= Single-photon source =

Technique in quantum optics

A single-photon source is a light source that emits light as single particles or photons. Single-photon sources are distinct from coherent light sources (lasers) and thermal light sources such as incandescent light bulbs. The Heisenberg uncertainty principle dictates that a state with an exact number of photons of a single frequency cannot be created. However, Fock states (or number states) can be studied for a system where the electric field amplitude is distributed over a narrow bandwidth. In this context, a single-photon source gives rise to an effectively one-photon number state.

Photons from an ideal single-photon source exhibit quantum mechanical characteristics. These characteristics include photon antibunching, so that the time between two successive photons is never less than some minimum value.
This behaviour can be experimentally demonstrated by using a beam splitter and single photon detectors, such as avalanche photodiodes, which monitor the output of the beam splitter. A detection from one detector is used to provide a 'counter start' signal, to a fast electronic timer, and the other, is used to provide a 'counter stop' signal. In the case of a stream of single photons to this measurement apparatus there will not be any coincidental detection events. By repeatedly measuring the times between 'start' and 'stop' signals, one can form a histogram of time delays between two consecutive photons. If a true single photon source is observed, the photons are timely separated and a clear notch around zero delay is visible.

==History==
Although the concept of a single photon was proposed by Planck as early as 1900, a true single-photon source was not created in isolation until 1974. This was achieved by utilising a cascade transition within mercury atoms. Individual atoms emit two photons at different frequencies in the cascade transition and by spectrally filtering the light the observation of one photon can be used to 'herald' the other. The observation of these single photons was characterised by its anticorrelation on the two output ports of a beamsplitter in a similar manner to the famous Hanbury Brown and Twiss experiment of 1956.
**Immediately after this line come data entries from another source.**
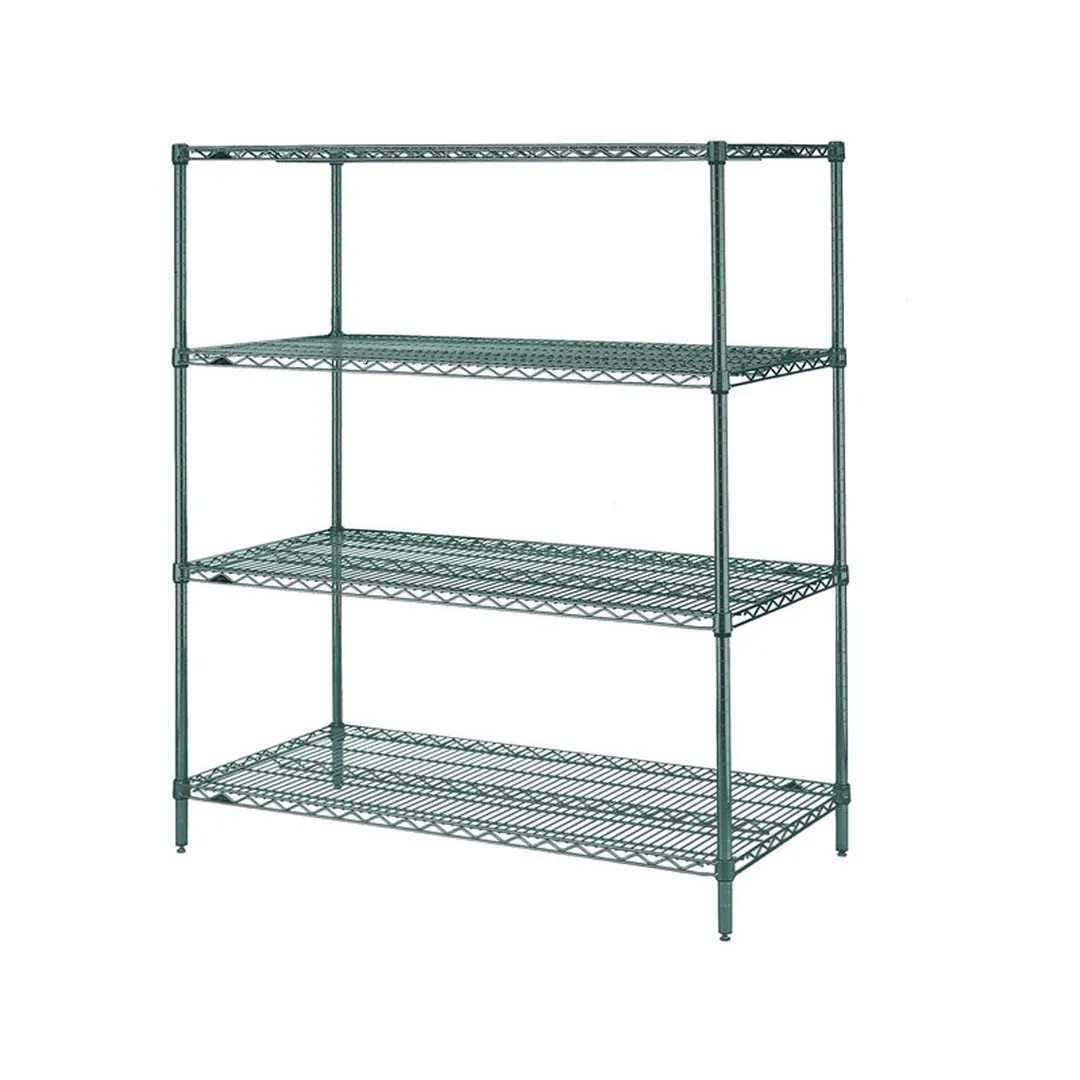 Metro N336K3 Super Erecta 4-Shelf Wire Shelving Starter Unit, Green Epoxy - 18" x 36" x 63"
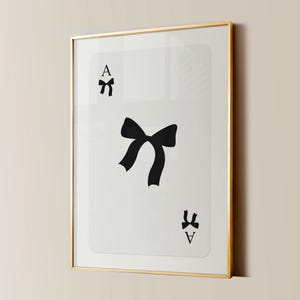 Bow Ace Karte Druck, College Wohnung Dekor, Retro Y2K Studentenwohnheim Poster, trendige Wandkunst, Girly Adreppy Ästhetik, Teen Mädchen Schlafzimmer Drucke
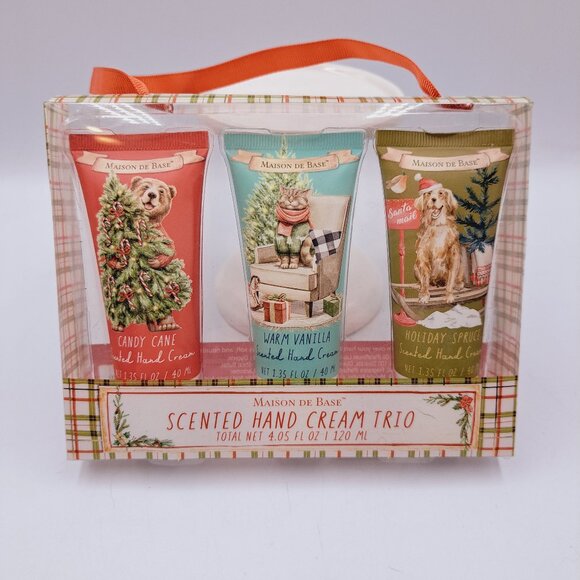 Bath & Body Hand Cream Trio Christmas Candy Cane, Warm Vanilla, Holiday Spruce - Picture 1 of 7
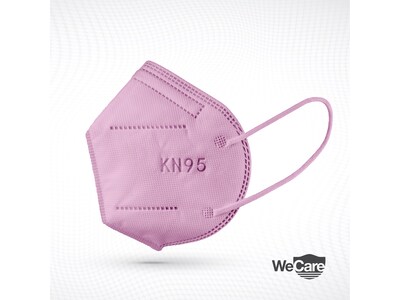 WeCare Disposable KN95 Face Mask, Adult, Pink, 20 Masks/Box, 3 Boxes/Pack (TBN203229)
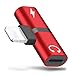 Headphone Jack Adapter, 2 in 1 Dual Splitter for iPhone 8/8 Plus/X (10) / 7/7 Plus/Xs/Xs Max/XR Earphone Audio Cable and Charger Accessories, Headphone Music Dongle Phone Call Adapter, Red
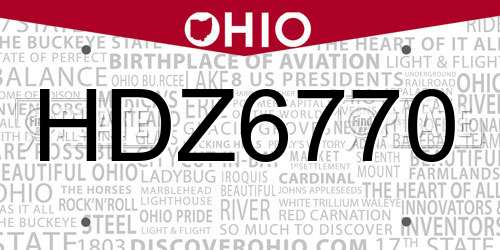 HDZ6770 Ohio License Plate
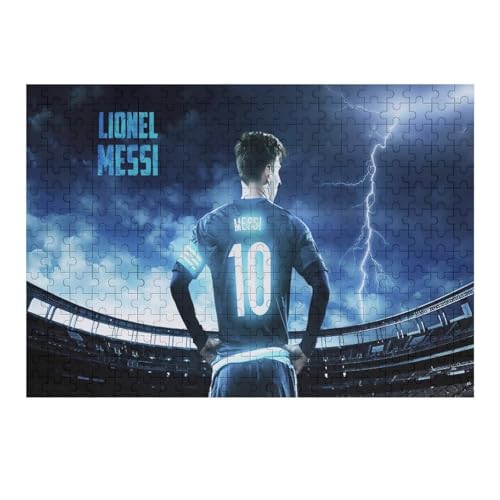 Messi Erwachsene Puzzles Puzzle 300 Teile Puzzles Fußballspieler Puzzle Lernspiel Spielzeug Familiendekoration (40x28) cm von Zwjkmjn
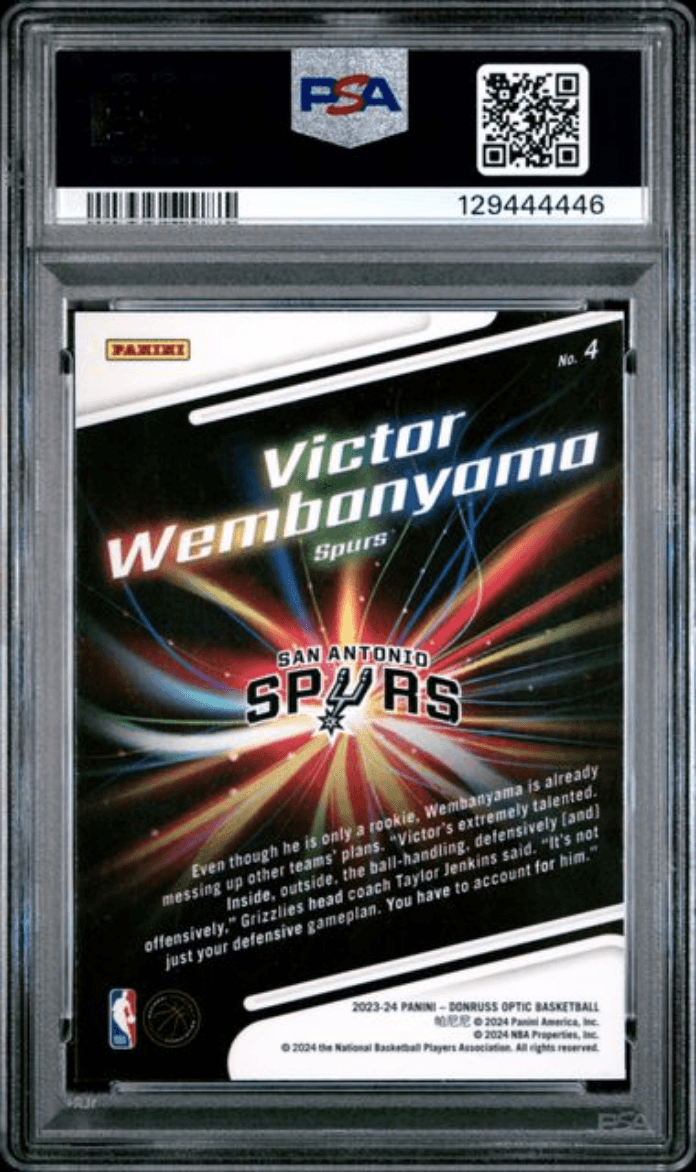 Graded 2024 Panini Donruss Optic Victor Wembanyama #4 Lights Out Rookie RC Basketball Card PSA 10 Gem Mint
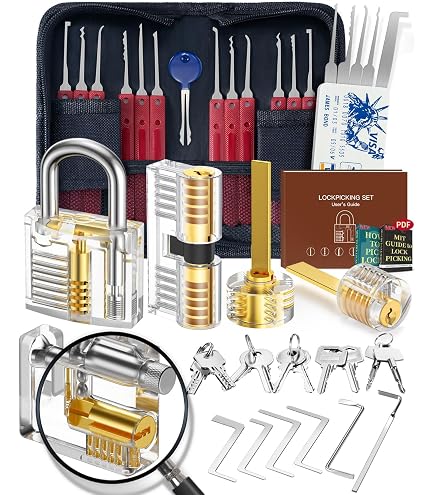 Set di grimaldelli pieghevoli 7 in 1, apri rapidi, in acciaio inox, con gancio singolo, strumento per fabbro, picker, picker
Another single-photon source came in 1977 which used the fluorescence from an attenuated beam of sodium atoms. A beam of sodium atoms was attenuated so that no more than one or two atoms contributed to the observed fluorescence radiation at any one time. In this way, only single emitters were producing light and the observed fluorescence showed the characteristic antibunching. The isolation of individual atoms continued with ion traps in the mid-1980s. A single ion could be held in a radio frequency Paul trap for an extended period of time (10 min) thus acting as a single emitter of multiple single photons as in the experiments of Diedrich and Walther. At the same time the nonlinear process of parametric down conversion began to be utilised and from then until the present day it has become the workhorse of experiments requiring single photons.

Advances in microscopy led to the isolation of single molecules in the end of the 1980s. Subsequently, single pentacene molecules were detected in p-terphenyl crystals. The single molecules have begun to be utilised as single-photon sources.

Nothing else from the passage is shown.